JOANNA STINGRAY PRESENTS: RED WAVE. 4 UNDERGROUND BANDS FROM THE USSR. Side A: AQUARIUM; Side B: KINO; Side C: ALISA; Side D: STRANGE GAMES. USA, Big Time Records, 1986 In 1986, Joanna Stingray released the first vinyl album of independent Leningrad rock groups on Big Time Records, Los Angeles more >>; a copy of the Red Wave album is in the Davis Center Special Collection.

JOANNA STINGRAY PRESENTS: RED WAVE. 4 UNDERGROUND BANDS FROM THE USSR.
Side A: AQUARIUM; Side B: KINO; Side C: ALISA; Side D: STRANGE GAMES. USA, Big Time Records, 1986
In
1986, Joanna Stingray released the first vinyl album of independent Leningrad rock groups on Big Time Records, Los Angeles more >>; a copy of the Red Wave album is in the Davis Center Special Collection.



The troubles this brought Stingray demonstrate that perestroika was a slow and contradictory process. In the Soviet Union, none of these bands had been allowed to record on vinyl previously, and the Soviet authorities reprimanded Stingray by denying her a visa for her marriage to “Red Wave” musician Yury Kasparyan,[2] planned for April 1987. Stingray, who had been a regular visitor to Leningrad since 1984, won the support of high-ranking American politicians who put her case on the agenda in bilateral talks. After a long and determined fight, she was finally able to celebrate her wedding in Leningrad in November 1987.[3] Mannick had briefly met Stingray during her October 1986 visit to Leningrad and asked Kozlov whether he attended the wedding (Letter 41, December 1987). Kozlov attended the wedding dinner, of which he gave an impressive report:

    There was the whole world representing "unofficial" art; the consular corps; artists came specially from England and France, and, probably, from other countries. There were a lot of people and it was simply impossible to talk to everyone — about 200 people. Joanna brought her manager and cameraman (he shot a special film about her, about the culture of Leningrad, artists, musicians, about the wedding and, in general, about her stay in the USSR). Artists gave them their paintings and drawings. (Letter O, beginning of 1988)
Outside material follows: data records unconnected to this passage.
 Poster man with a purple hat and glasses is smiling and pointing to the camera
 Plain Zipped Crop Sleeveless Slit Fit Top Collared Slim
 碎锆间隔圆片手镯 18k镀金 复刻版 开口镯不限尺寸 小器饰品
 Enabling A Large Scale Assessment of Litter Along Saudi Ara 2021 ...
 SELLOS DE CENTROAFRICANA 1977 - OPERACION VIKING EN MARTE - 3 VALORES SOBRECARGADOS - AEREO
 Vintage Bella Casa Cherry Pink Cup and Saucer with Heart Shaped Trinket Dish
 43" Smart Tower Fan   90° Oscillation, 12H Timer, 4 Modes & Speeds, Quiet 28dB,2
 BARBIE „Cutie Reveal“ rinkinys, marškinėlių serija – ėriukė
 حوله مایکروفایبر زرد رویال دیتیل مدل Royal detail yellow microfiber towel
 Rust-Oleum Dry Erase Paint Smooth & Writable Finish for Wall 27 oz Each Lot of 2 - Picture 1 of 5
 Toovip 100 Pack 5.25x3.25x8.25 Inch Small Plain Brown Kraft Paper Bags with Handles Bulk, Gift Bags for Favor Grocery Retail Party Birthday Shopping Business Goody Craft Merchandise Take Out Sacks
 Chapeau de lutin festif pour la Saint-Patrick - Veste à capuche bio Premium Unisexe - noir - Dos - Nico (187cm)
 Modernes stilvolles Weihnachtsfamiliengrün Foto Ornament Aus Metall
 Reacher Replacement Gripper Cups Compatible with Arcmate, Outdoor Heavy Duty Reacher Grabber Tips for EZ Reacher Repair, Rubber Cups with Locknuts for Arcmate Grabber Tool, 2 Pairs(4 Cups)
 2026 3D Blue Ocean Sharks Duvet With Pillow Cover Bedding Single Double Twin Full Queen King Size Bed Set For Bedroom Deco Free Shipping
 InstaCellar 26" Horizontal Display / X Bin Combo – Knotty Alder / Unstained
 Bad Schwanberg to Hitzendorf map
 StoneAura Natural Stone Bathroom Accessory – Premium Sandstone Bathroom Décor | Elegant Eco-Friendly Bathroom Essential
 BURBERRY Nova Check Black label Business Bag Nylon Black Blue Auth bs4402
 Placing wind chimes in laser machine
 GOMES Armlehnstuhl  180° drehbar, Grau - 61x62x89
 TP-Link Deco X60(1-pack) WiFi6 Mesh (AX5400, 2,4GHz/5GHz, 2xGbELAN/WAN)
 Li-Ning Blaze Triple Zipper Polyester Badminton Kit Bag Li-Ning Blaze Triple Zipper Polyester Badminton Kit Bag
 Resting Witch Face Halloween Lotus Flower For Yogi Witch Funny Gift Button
Joanna Stingray with two paintings she recieved as wedding gifts. On the wall: America (1987) by (E-E) Evgenij Kozlov Right: British artist Andrew Logan Courtesy Joanna Stingray, 1987

Joanna Stingray with two paintings she recieved as wedding gifts. On the wall:
America (1987) by (E-E) Evgenij Kozlov
Right: British artist Andrew Logan
Courtesy Joanna Stingray, 1987



Kozlov’s wedding gift to the American-Russian couple, a large work on paper entitled “America”, appears in pictures taken at the restaurant. In 1988 and 1989, Stingray organised several exhibitions with works by her Leningrad artist friends in Los Angeles and New York, and in 1989, Kozlov drew her portrait, where she is seen wearing a space helmet. In this way, he acknowledged her role for the Leningrad art and music scene as that of a visitor from outer space.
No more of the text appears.